[Data records]

= Beginning of Section =

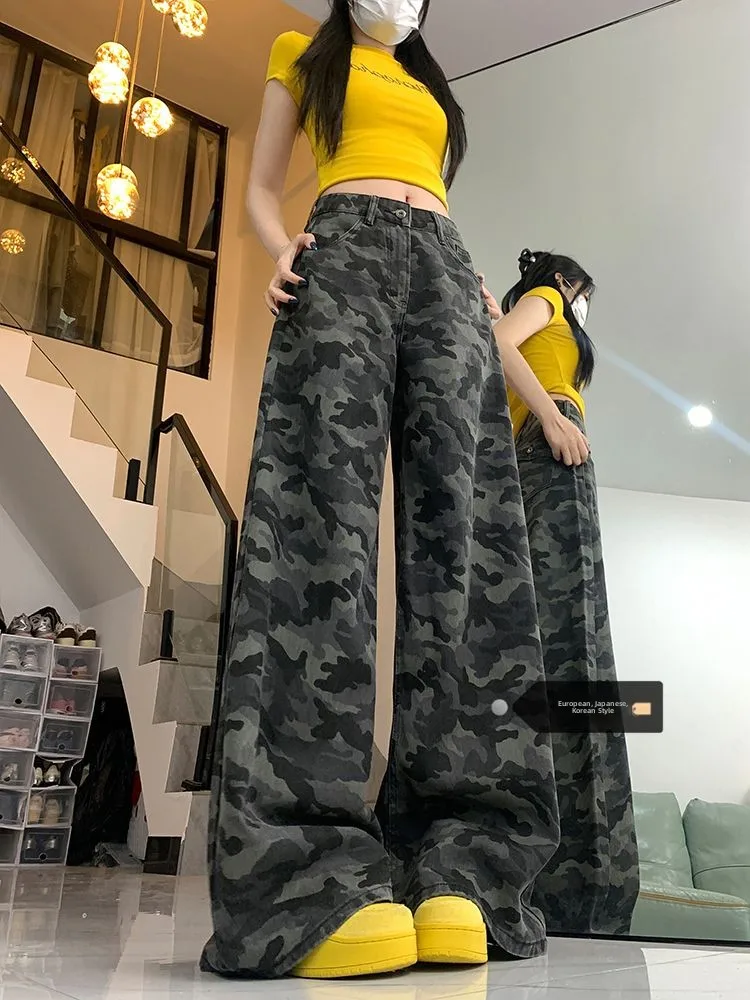 

High Waist Wide Leg Denim Work Pants Women's Retro Style Heavy Duty Summer New Arrival Casual Straight Cut Trousers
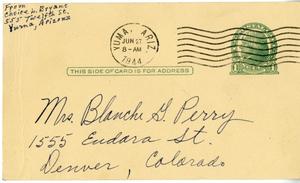 Primary view of object titled '[Letter from Choice L. Bryant to Blanche Perry #2]'.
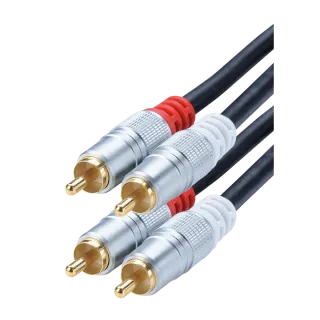 Cordon Audio Blindé 2 Rca Mâle // 2 Rca Mâle 10 Mètre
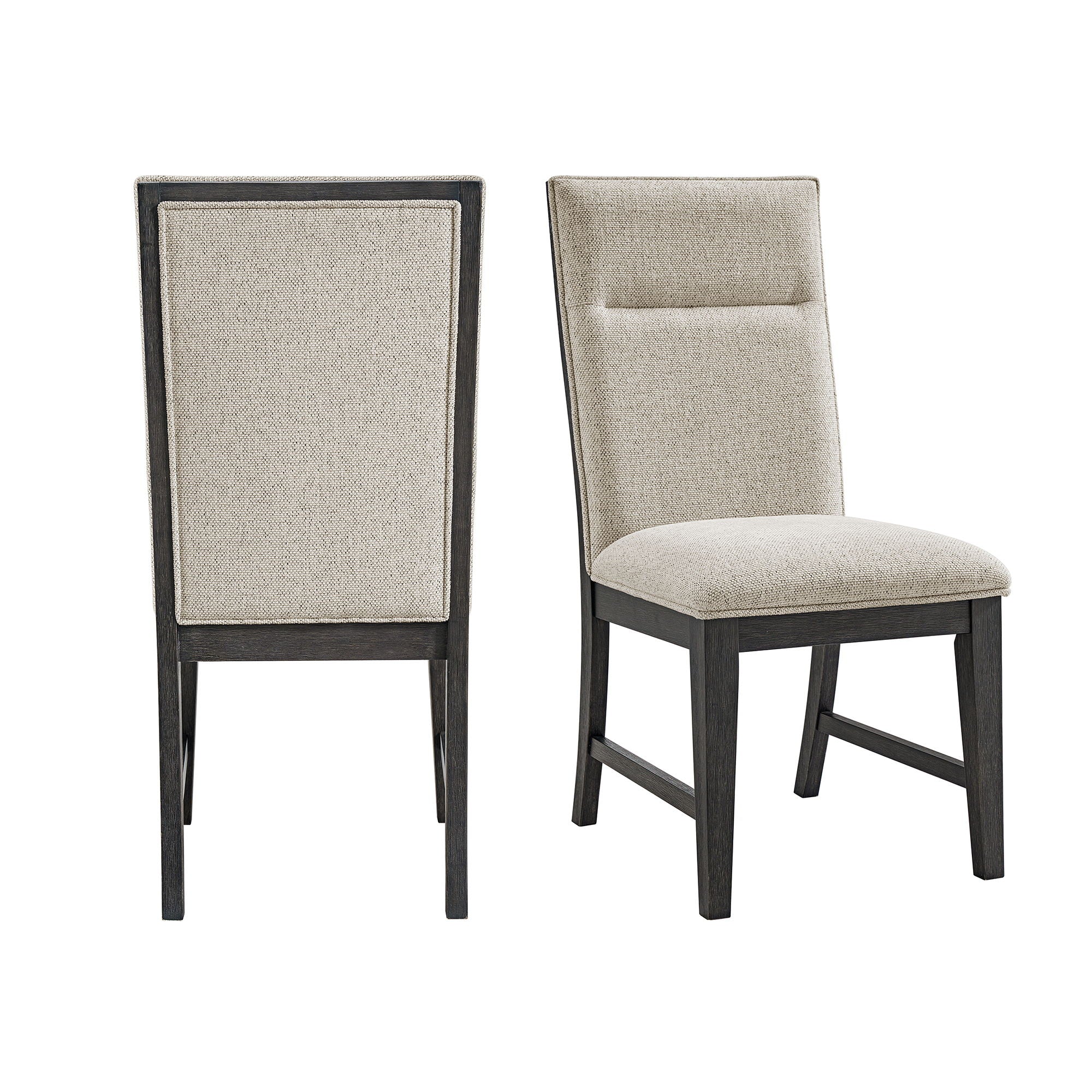Axel - Fabric Dining Chair (Set of 2) - Light Gray / Espresso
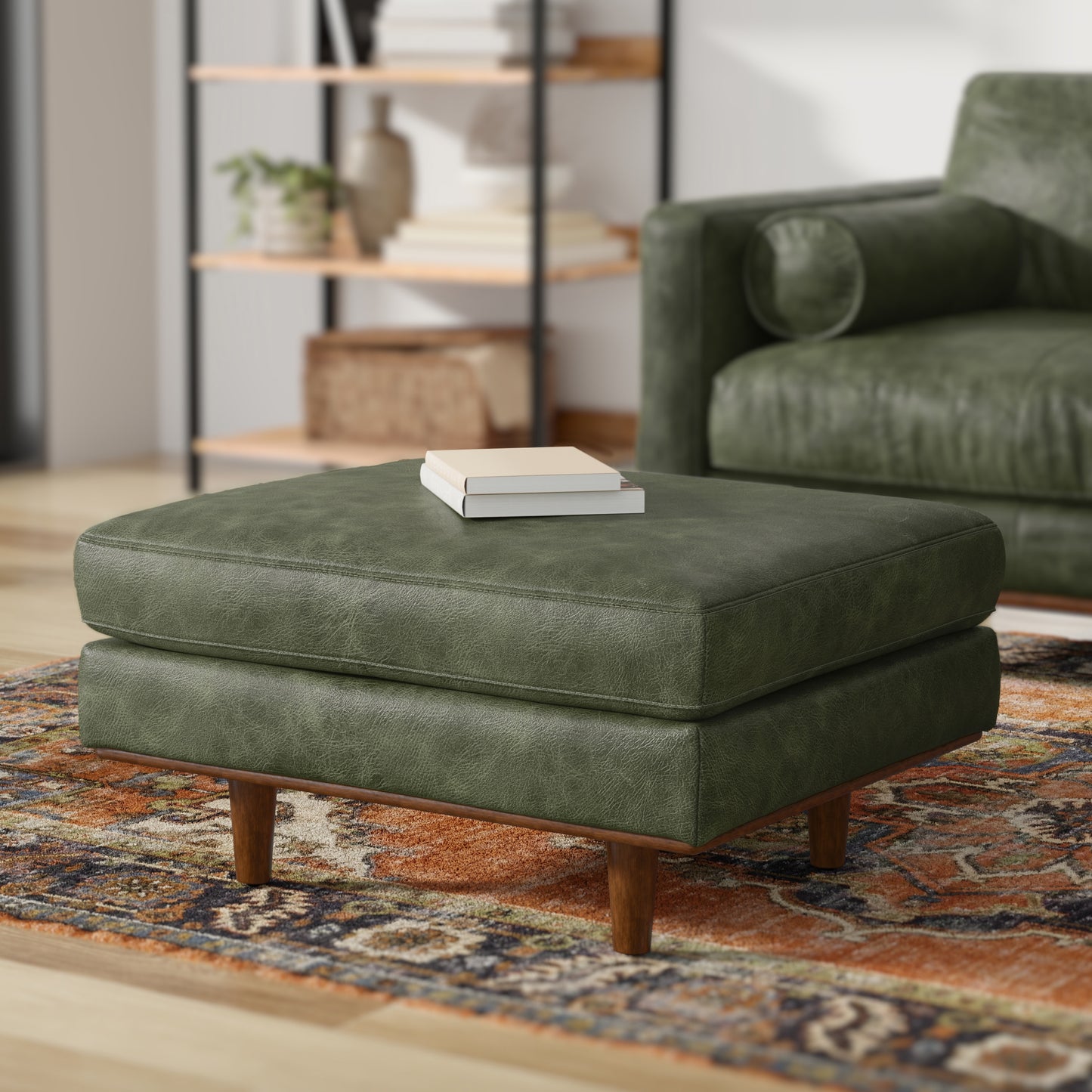 Morrison Ottoman in Genuine Top Grain Leather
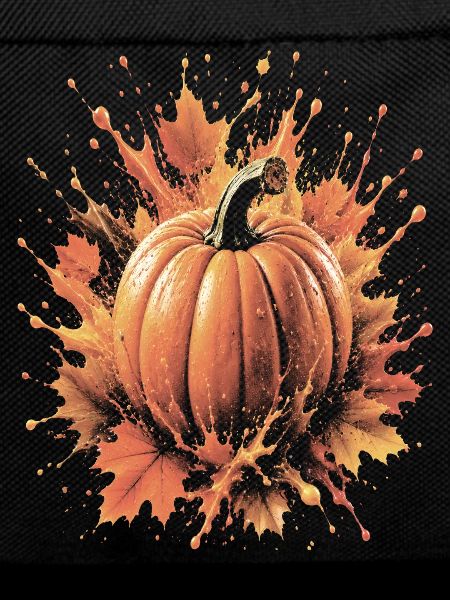 Pumpkin Autumn Splash Art Maple Leaf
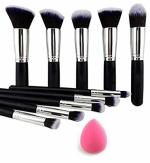 BIOAQUA Fiber Bristle Makeup Brushes Set Tool Pro Foundation Eyeliner Eyeshadow (Black) with Sponge Puff- Black, 10 Pieces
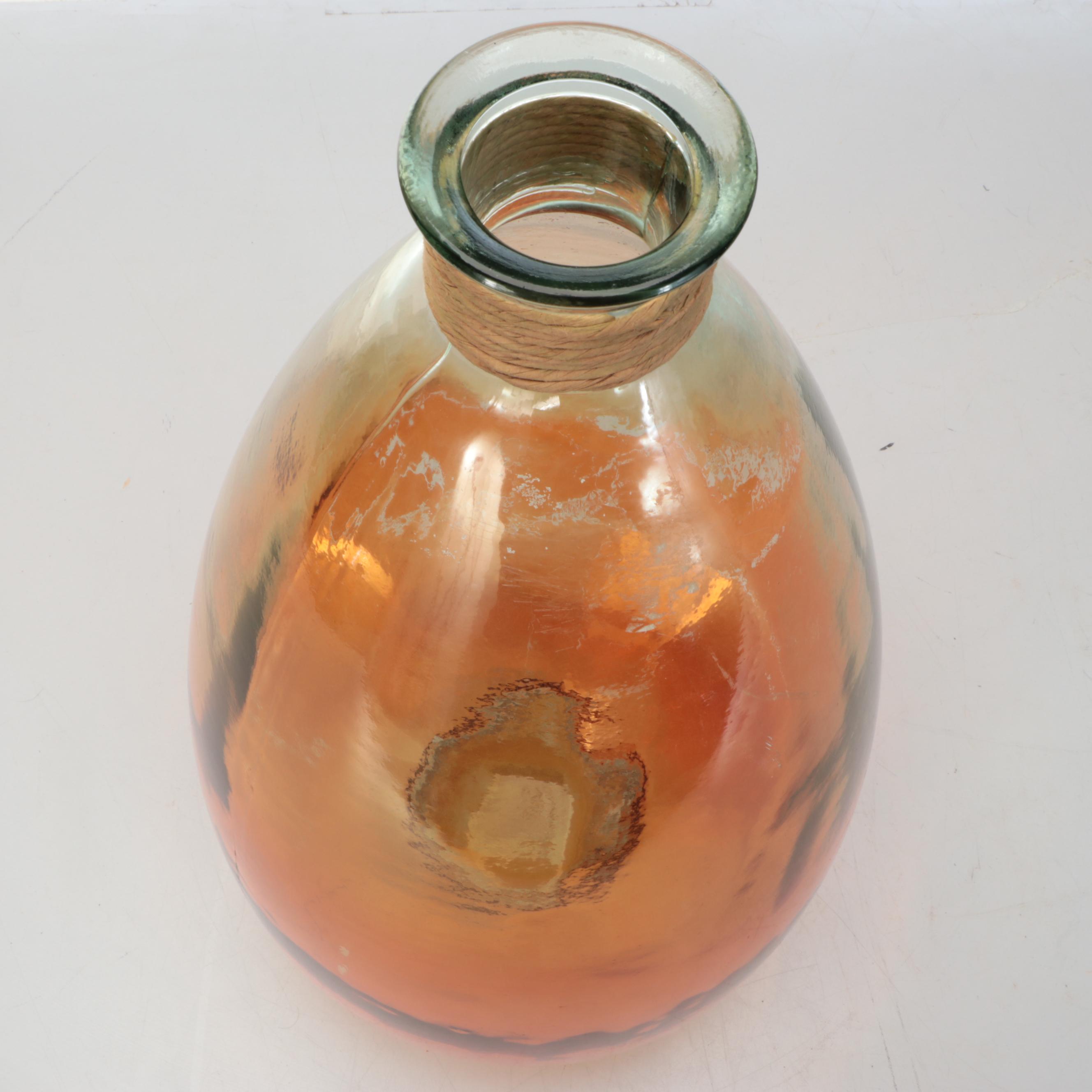 Orange Tinted and Twine Wrapped Glass Vase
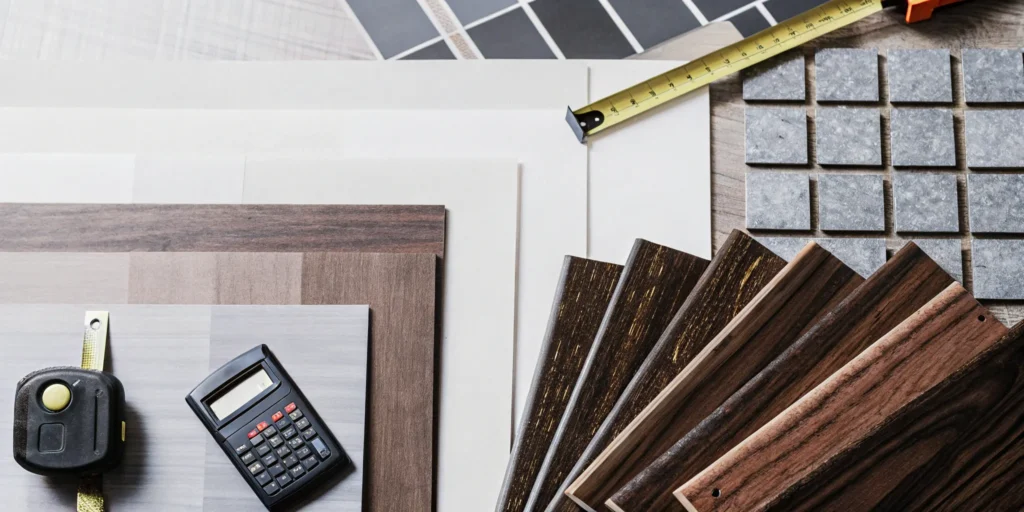 Estimating flooring installation costs with samples, a calculator, and a tape measure.
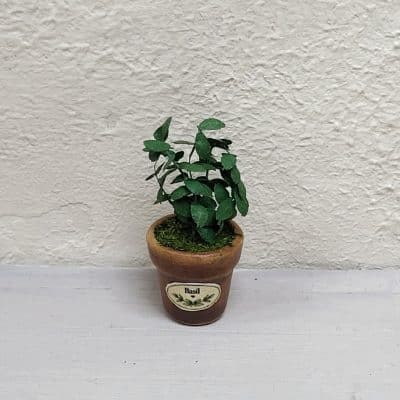 DIY zelfmaakpakket basilicumplant in terracotta pot met Nederlandse en Engelse etiketten, schaal 1:12
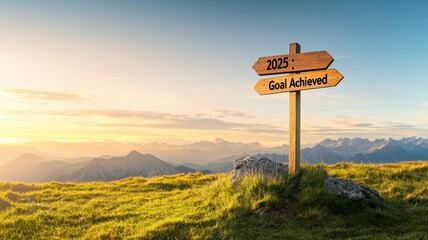 Obraz premium 2025 Goal Setting concept. Signpost indicating achieved goals in a scenic landscape.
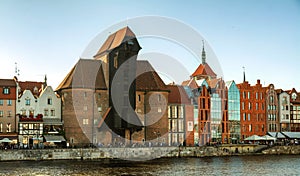 Gdansk, Poland - Jun 21, 2016: old town, Poland, beautiful evening, view to the old town, Gdansk old town background, classic boat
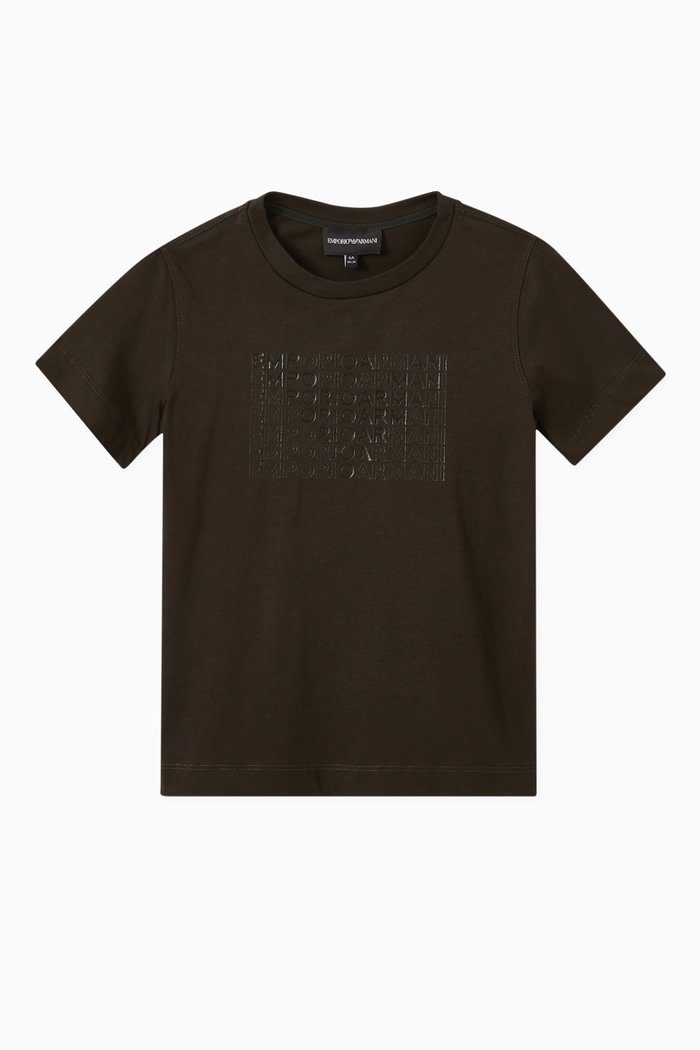 

Text Front Crossword T-shirt in Cotton, Green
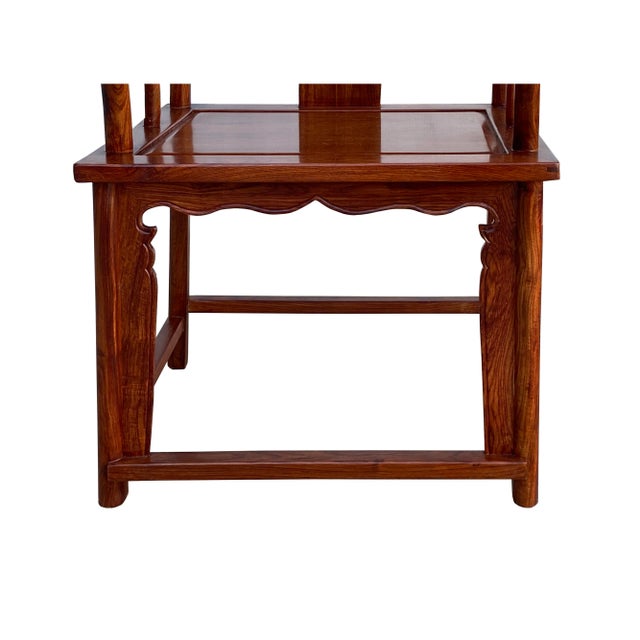 Pair Chinese Natural Wood Copper Brown Stain Yoke-Back Armchairs For Sale - Image 9 of 11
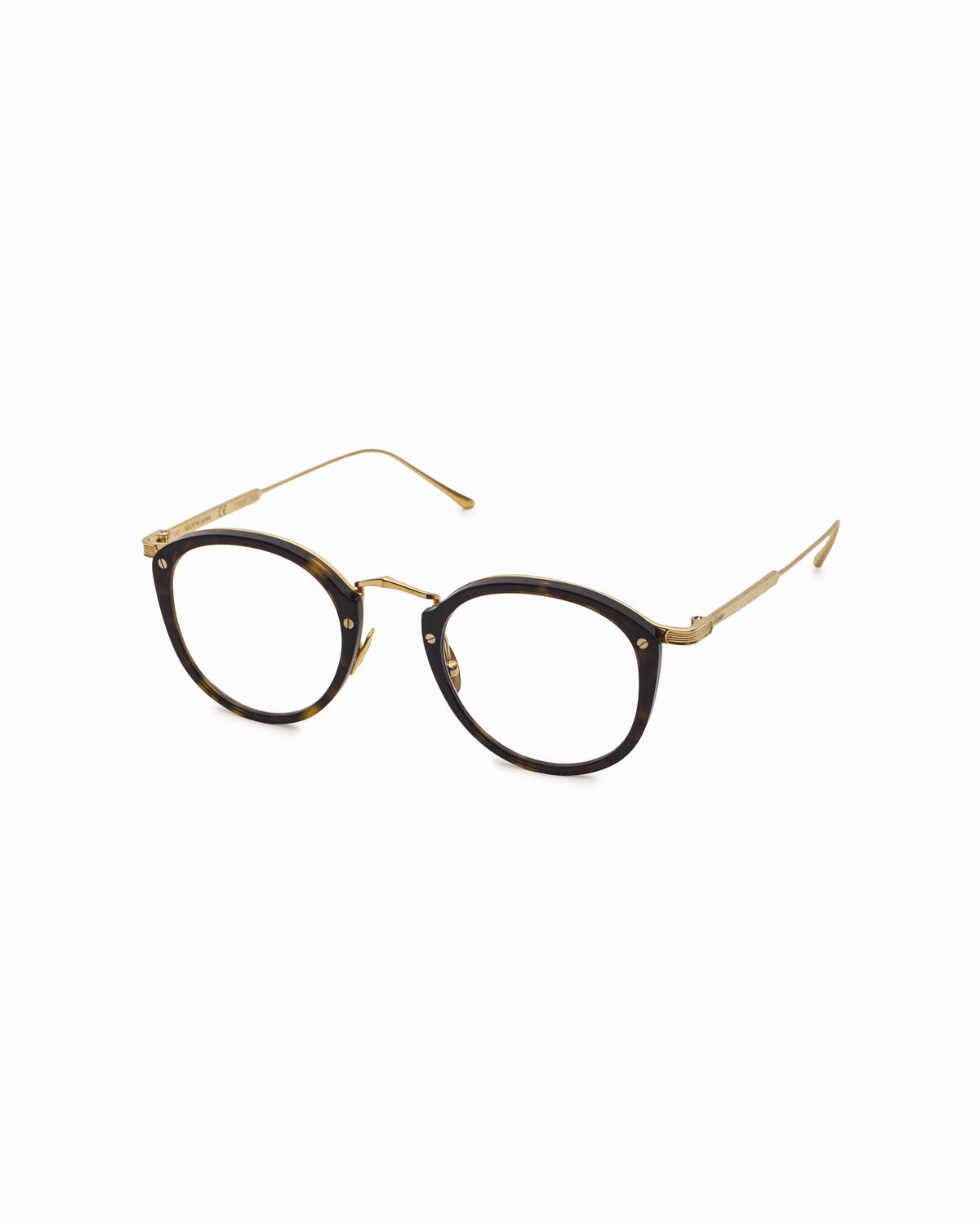 Cartier Santos Tortoiseshell & Gold Round Optical Eyeglasses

= End of Section =

- **WHAT IS BEING ASKED**
Retype exactly, and only, the lines from the one containing "DIY zelfmaakpakket basilicumplant" through the end of the records above. Pictures stay out of the copy.

- **RESULT OF THE EXERCISE**
 DIY zelfmaakpakket basilicumplant in terracotta pot met Nederlandse en Engelse etiketten, schaal 1:12
 Obraz premium 2025 Goal Setting concept. Signpost indicating achieved goals in a scenic landscape.
 Gdansk, Poland - Jun 21, 2016: old town, Poland, beautiful evening, view to the old town, Gdansk old town background, classic boat

Text Front Crossword T-shirt in Cotton, Green
 Pair Chinese Natural Wood Copper Brown Stain Yoke-Back Armchairs For Sale - Image 9 of 11
 Cartier Santos Tortoiseshell & Gold Round Optical Eyeglasses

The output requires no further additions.